Johan and I, looking back over 2017, are delighted by an abundance of awesome happenings both for Fynbos and for Dragonridge wines. Such lovely people have stayed here, partied, married, come for wine tastings and feasts and run retreats and workshops. Our online write-ups and ratings are extremely high, not to mention all the positive comments written and told to us. The gist of the feedback is that this is a very special and unusual place- a gem, a jewel and such like. What better could one hope for.
None of our success would be possible without our committed and good spirited team. As always Charlie and Doubt make a great pair in the wine cellar and on the bar, and they generally look after the farm wonderfully, while the women Priscilla and Virginia have run housekeeping with commitment and lots of hard work. We have recently lost Eliot and Precious due to visa problems, but employed two new permanent members of staff - Arlington who can weld, work in wood and drive, and his wife Rose who helps with housekeeping. Also new to the team is Romayne Midgely - helping part time with financials, and she comes along with her pooch Wobbles – now too a part time member of the farm. On the marketing front there is great excitement as Tharien Pieterse joins Lisa Du Plooy, Johann Human and I to get us much more out there. So watch this space and like/follow us on Facebook, Instagram, Twitter and Pinterest.

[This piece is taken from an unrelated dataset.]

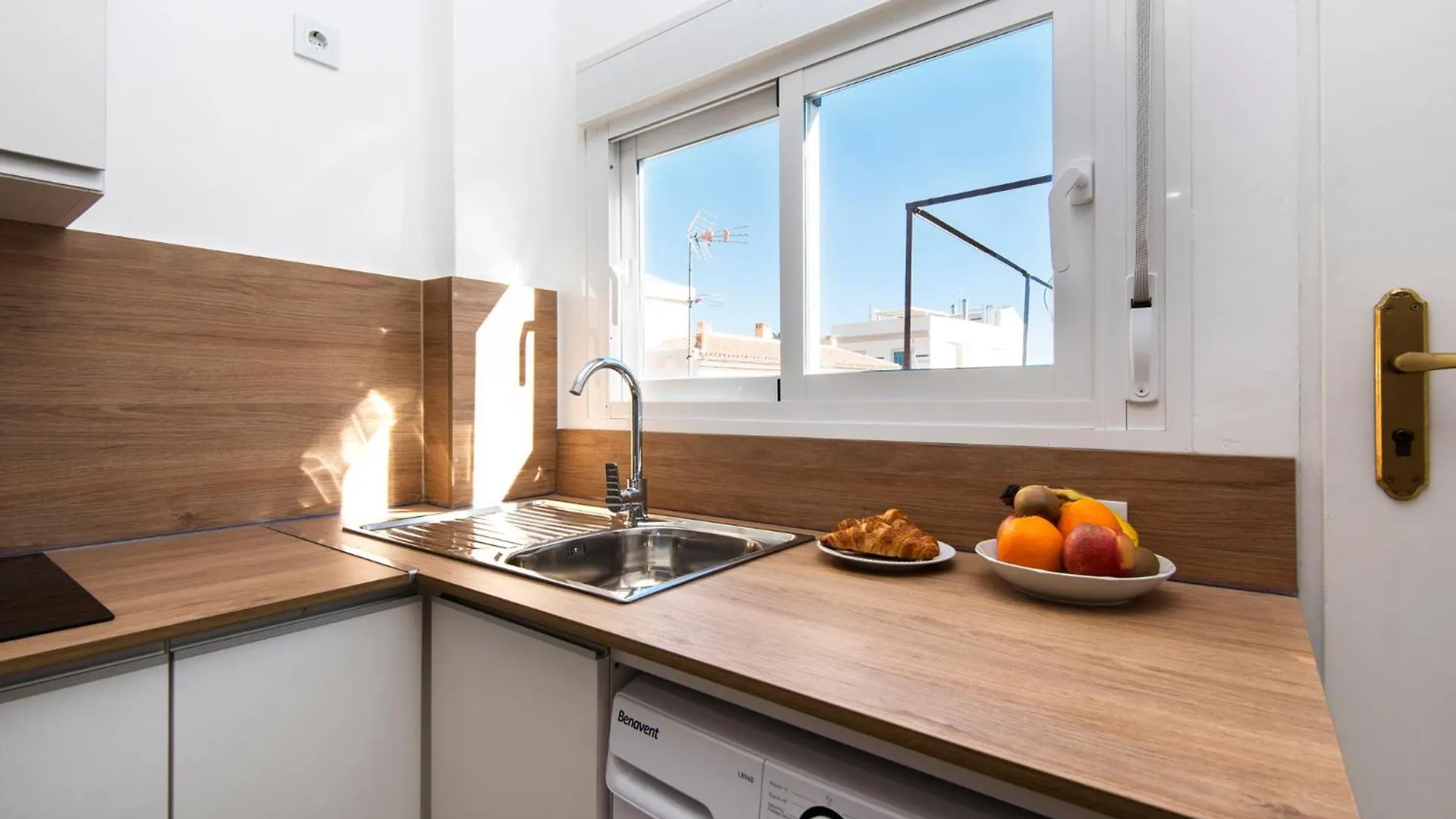 Apartment Malaga Tour Museums Constitucion Square Spain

Andy and Becky were here early in the year making wine and are soon to return, and we have had lovely volunteers as always. And of course Gail has managed all manner of things – including a host of successful events - with her usual potency and generosity.
Out and about
This last year we were much more out and about taking Dragonridge and Fynbos to the world. We provided wine for the SOLO art opening at Riebeek Kasteel, exhibited at the SIP show in Paternoster and the TOPS at SPAR show. And in the UK Andy and Becky have been selling Dragonridge wine alongside their Kershaw wines made with Fynbos grapes. We now have 2 four star wines in Platter.
|Natural Light Photography|
On the farm
Water and flowers
Water – yes of concern. We are managing for the moment but are holding our breath that our underground water supply holds. Like everyone else in the Western Cape we use buckets and divert grey water and entreat guests to be careful. Luckily our vines are never irrigated so while our yields are smaller, given they have long well adapted roots, they keep going.

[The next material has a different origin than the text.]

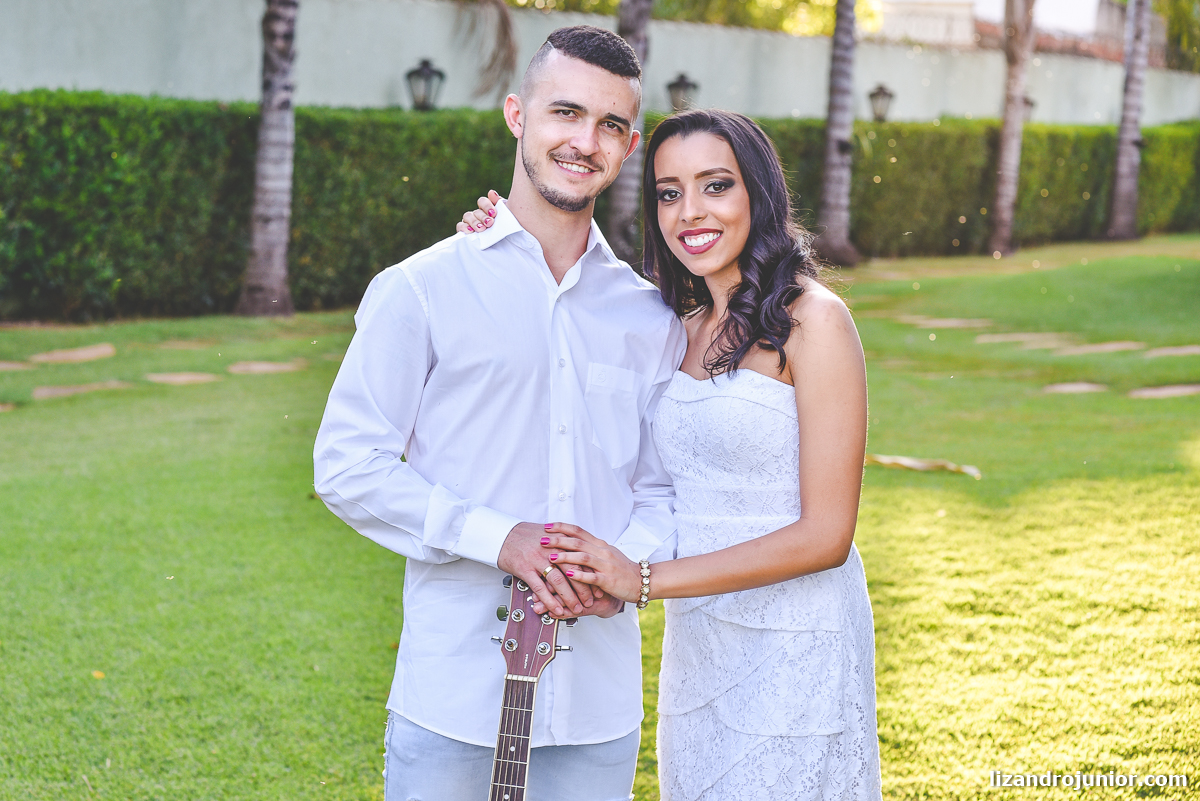 lizandro júnior fotógrafo de casamento patos de minas minas gerais, ensaio namorando, casal, ensaio ar livre, casal apaixonado, amor, felicidade, ensaio casal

Despite the lack of water this year’s display of spring flowers was absolutely gorgeous and the birds in the garden and up the mountain an absolute treat. Except for the heron that is, who insists on preying on our goldfish who have sunk to the bottom of their pond in defence.
Animals and protection of the Paardeberg
On the animal front we have lost our darling Carlie to kidney disease at the young age of 5, but our aged Sweet Pi is still going along tail a-wag though half blind and half deaf. We rescued and fostered little Winston who has landed in a perfect new home and the farmyard donks, goats and sheep continue to do well. With regard to wild animals we are losing animals on the mountain to poaching and need to tackle that next year, and we on the Paardeberg still face sand mining problems. An organisation called Protect the Paardeberg has formed to deal with this. We have also tackled alien vegetation again this year with help from Working for Water and Cape Nature Conservation.
So things have been a-humming here at Fynbos as always. We feel immensely privileged to run this wonderful place and be part of the great team that has grown here. As always the farm is a kind of alchemy. A mix of design and chance which is how Johan describes winemaking. We love this concept, as after all we can’t really control anything can we? Well just a bit maybe….
With much gratitude we wish everyone who has been part of Fynbos in whatever way, a wonderful 2018.